"They gave me sixteen nodes and asked why it was slower than eight. I pointed at the one stage that ate the afternoon, and the room went quiet."
A Profiler, Pointing at the One Stage That Ate the Afternoon
A capstone is not finished when the distributed system runs; it is finished when you can explain, with numbers, why it runs the way it does and whether the machines it consumes are worth what they buy. Throwing more nodes at a problem produces a speedup curve that bends, flattens, and eventually turns back down, and the dollar cost climbs the whole time. The work of this section is to turn raw per-stage timings into an argument: measure where the wall-clock goes, attribute the loss to a named cause (communication, load imbalance, the serial fraction Amdahl's law forbids you to parallelize), and then locate the operating point where one more node stops paying for itself. The deliverable is not a single big number but a defensible choice of scale, reported in full, including the scales at which scaling broke.

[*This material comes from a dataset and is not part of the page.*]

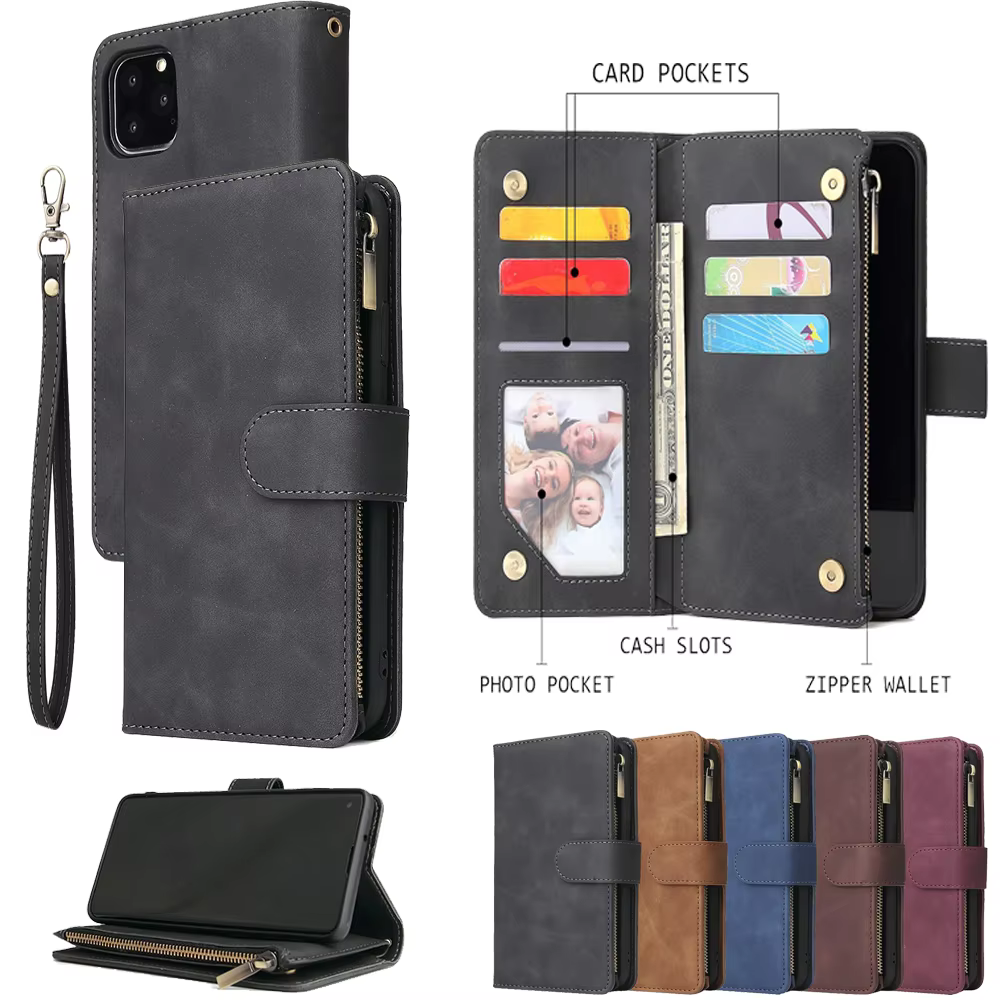 Étui portefeuille en cuir de qualité supérieure pour iPhone 16 15 14 13 12 11 17 Pro Max Plus 17Air 16e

Section 41.6 told you which metrics to collect: wall-clock per run, throughput, speedup, parallel efficiency, and dollar cost. This section is about reading those metrics as evidence. A distributed AI system that achieves a 3.9-fold speedup on eight nodes has not earned the number until you can say where the missing 4.1-fold went, and a system that costs two dollars per run has not earned a deployment decision until you can say what a one-dollar run would have cost you in latency. Performance analysis is the discipline of attributing the gap between the speedup you hoped for and the speedup you measured, and cost analysis is the discipline of pricing that gap. Both rest on the performance models of Chapter 3 and the communication-cost accounting of Chapter 4; here we put them to work on a system you built.

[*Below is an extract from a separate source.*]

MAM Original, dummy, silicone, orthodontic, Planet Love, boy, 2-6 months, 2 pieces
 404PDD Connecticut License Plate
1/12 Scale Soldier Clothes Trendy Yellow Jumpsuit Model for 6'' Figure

1. Where the Time Actually Goes Beginner
The first question of any performance analysis is not "how fast is it?" but "what is it doing while the clock runs?" A single-node program spends its wall-clock in compute and in I/O, and a profiler that attributes time to functions is enough to find the slow part. A distributed program adds two categories that do not exist on one machine, and they are usually where the surprises hide. The wall-clock of a run on $p$ nodes decomposes, to a first approximation, into time spent computing, time spent moving data between machines, and time spent waiting,
$$T_p = T_{\text{comp}} + T_{\text{comm}} + T_{\text{idle}},$$where $T_{\text{idle}}$ collects every form of doing nothing useful: a fast worker blocked at a barrier for a slow one (the straggler tax of Chapter 3), a node stalled on a disk or object-store read (the I/O of Chapter 8), or a pipeline bubble while one stage waits for another. The decomposition matters because each term has a different remedy. Compute-bound time wants a faster kernel or a bigger batch; communication-bound time wants a better collective schedule or gradient compression; idle time wants load balancing or overlap. Attributing your wall-clock to the wrong term sends you optimizing the part that was never the bottleneck.

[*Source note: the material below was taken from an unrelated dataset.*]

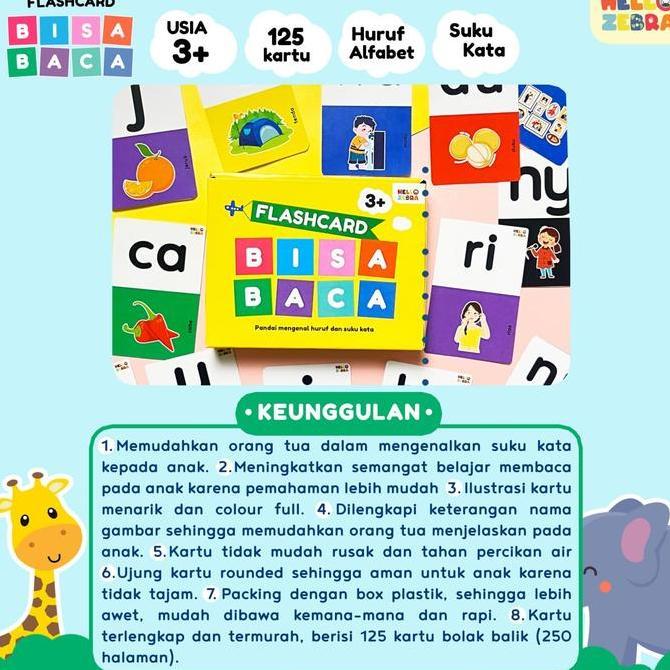Flash card bisa baca Flash card membaca Flash card Huruf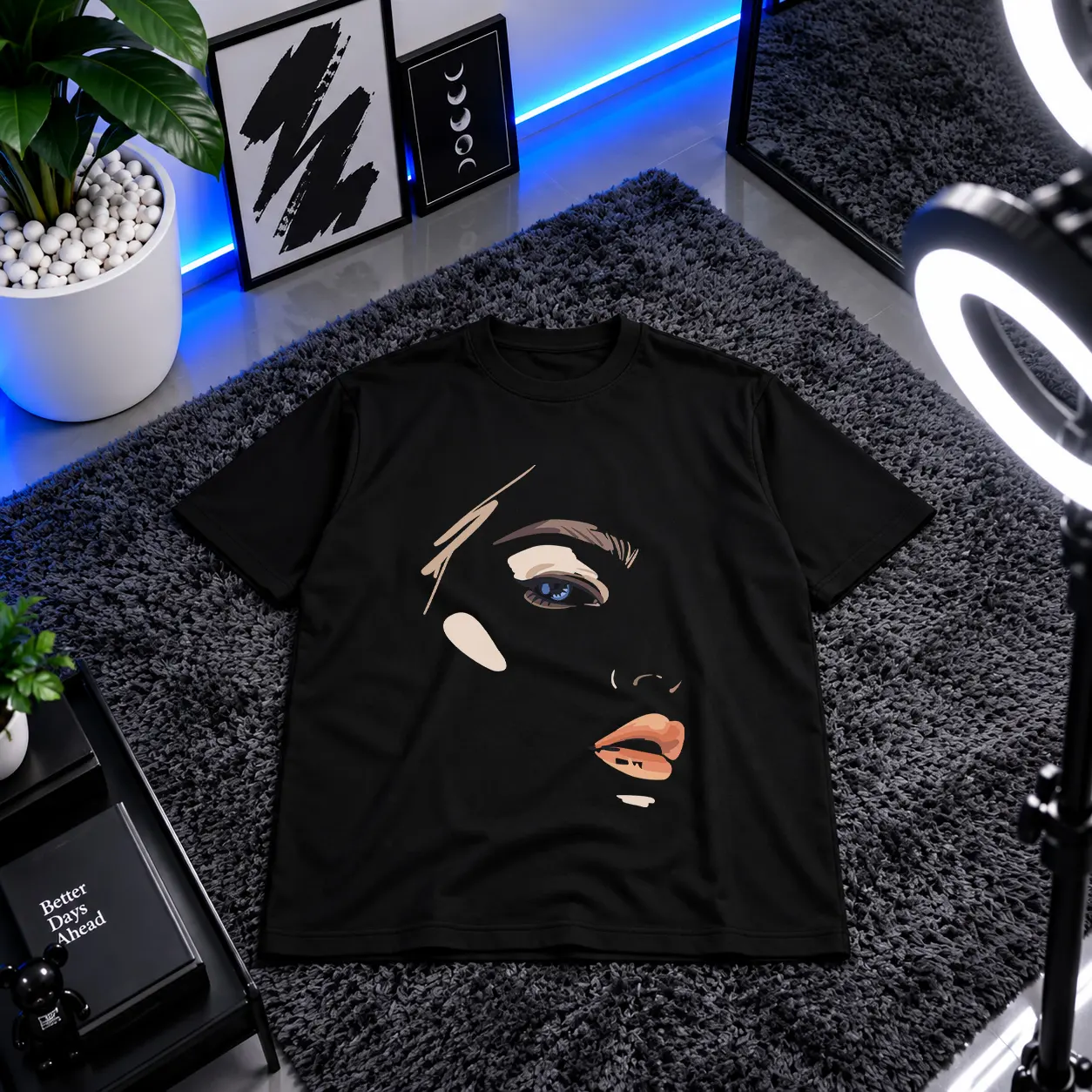 تیشرت چهره زنانه طرح مینیمال کد 6235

Figure 41.7.1 shows why the average is a misleading summary. Every worker finishes its own compute at a different moment, but the synchronous all-reduce of Chapter 15 forces them to a common barrier, so the step takes as long as the slowest worker plus the collective. The grey idle bands are pure waste: capacity you rented and did not use. A profiler is the instrument that exposes those bands. PyTorch's profiler, Nsight Systems, and Ray's timeline view all record per-stage spans you can sum into the three buckets of the decomposition; the library shortcut below shows the smallest version that already separates compute from communication.
A speedup that falls short of linear is a quantity of lost time, and that time has a single dominant owner: communication, idle waiting, or an unparallelizable serial fraction. The entire value of a performance analysis is naming that owner before you touch the code. Optimizing communication on an idle-bound system, or balancing shards on a communication-bound one, spends your effort where the time was not. Measure the breakdown first; the breakdown chooses the fix.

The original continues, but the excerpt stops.